The CRA’s marginal rate system divides taxes into brackets, where the bracket rate only applies to the number above a threshold.
If our planning system used the same approach, rental replacement rates would be 10 per cent for up to 10 units, 20 per cent for 11-20 units, and 30 per cent for 21-30 units. This would mean:
- at 10 units, one rental unit would be required,
- at 20 units, one rental unit would be required for the first 10 per cent, plus two rental units for the 10 additional units, and
- at 30 units, one rental unit would be required for the first 10 per cent, plus three additional rental units would need to be provided.
What’s magic about it?
If the city was to adopt this approach, planning threshold rates and policies would be applied proportionally to the scale of development, so those developments that are small or moderate would not be unnecessarily burdened.
While you can’t have half a loading space, or be subject to half of the TGS (Toronto Green Standard) or SPA requirements, they might be simplified to make small- and mid-scale projects more feasible.
I suggest looking at new ways for the city to achieve its intent like a marginal approach that meets broad, holistic goals for development, but one that is applied proportionally.
Say, for example, that rather than calculating amenity space the same way for all developments, it could be calculated at different rates for those between 20 to 50 units, 51 to 150 units and greater than 150 units.
At 30 units, a developer would need to provide amenity space only for the 10 units over 20.
The effect would be to lessen the burden on small- and moderate-scale developments while letting developers consider what rate their developments can afford and sustain.
And, they would not be punished for breaking through a bracket as only the additional units would be subject to the higher marginal rates.
Intent versus Impact
Our planning policies have been crafted with intent: to have development pay for itself and lessen the burden on citizens, to fund capital works associated with intensification, to support housing affordability and to plan for complete communities and families.

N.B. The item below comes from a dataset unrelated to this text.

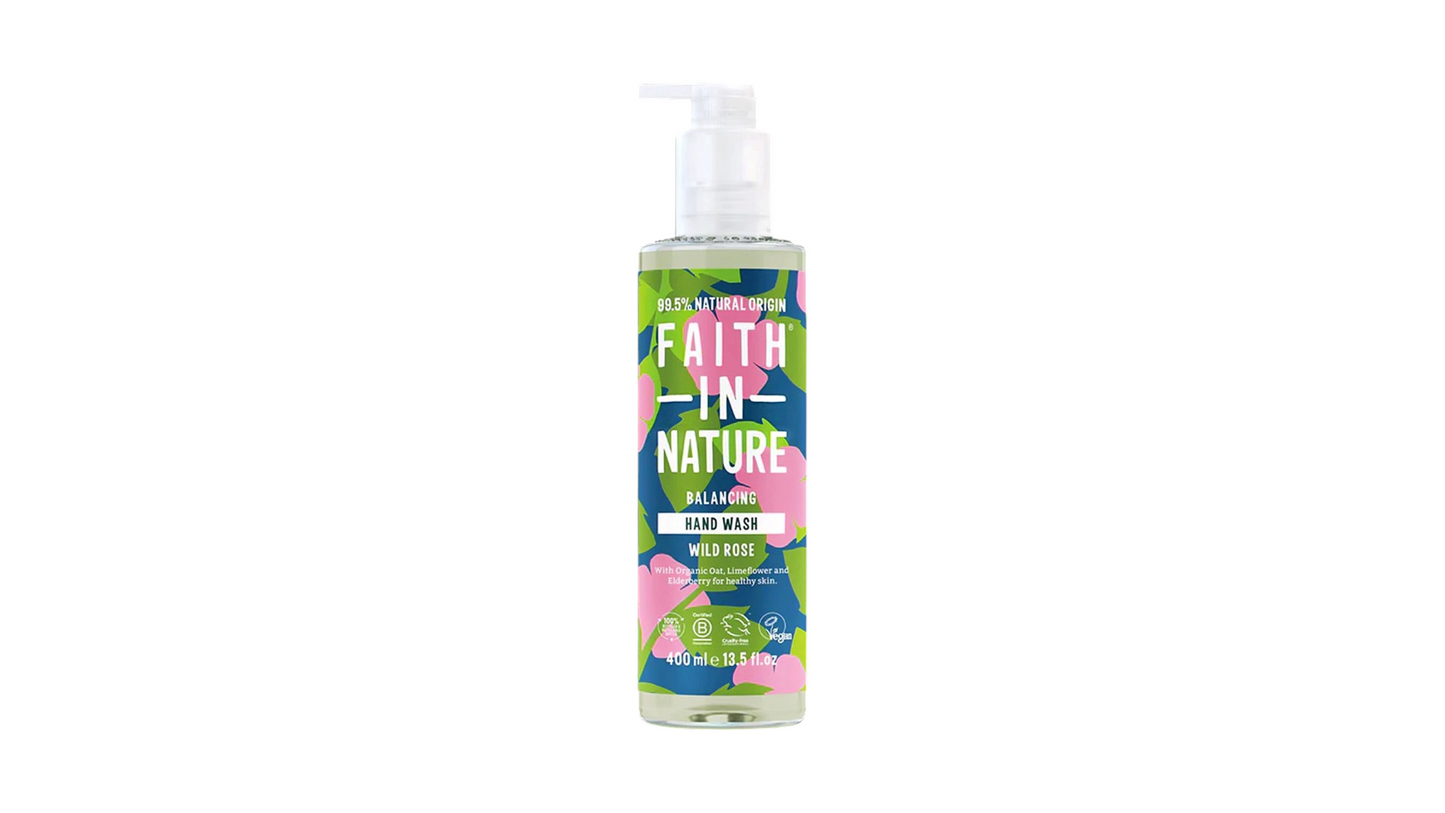 Faith In Nature, Wild Rose Hand Wash 400Ml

The problem is that the greatest intentions don’t always have the best impacts – and the impact is what is experienced by residents of the city.
Take the rental replacement policy, for example, which is intended to maintain the existing stock of affordable housing and protect renters from displacement.
While many would generally support this intent, the existing policy makes it very hard for developers to get the numbers working and ensure rental units are replaced.
The impact? A surplus of aging rental buildings that reinforce their stigma.
Angular planes, too, present a useful example, as an urban design tool. The intent is great: to ensure articulation and to prevent slab towers from popping up on our vibrant avenues.
But staircase buildings are hard to build, costly and have much fewer units than boxier forms of development.
The impact? Fewer affordable units and more expensive units.
Working with the current planning thresholds involves more hard work than magic, but it’s time to start looking to other models where well-intentioned rates and policies are workable, proportionate and make it easier to reach the city’s broad public policy goals.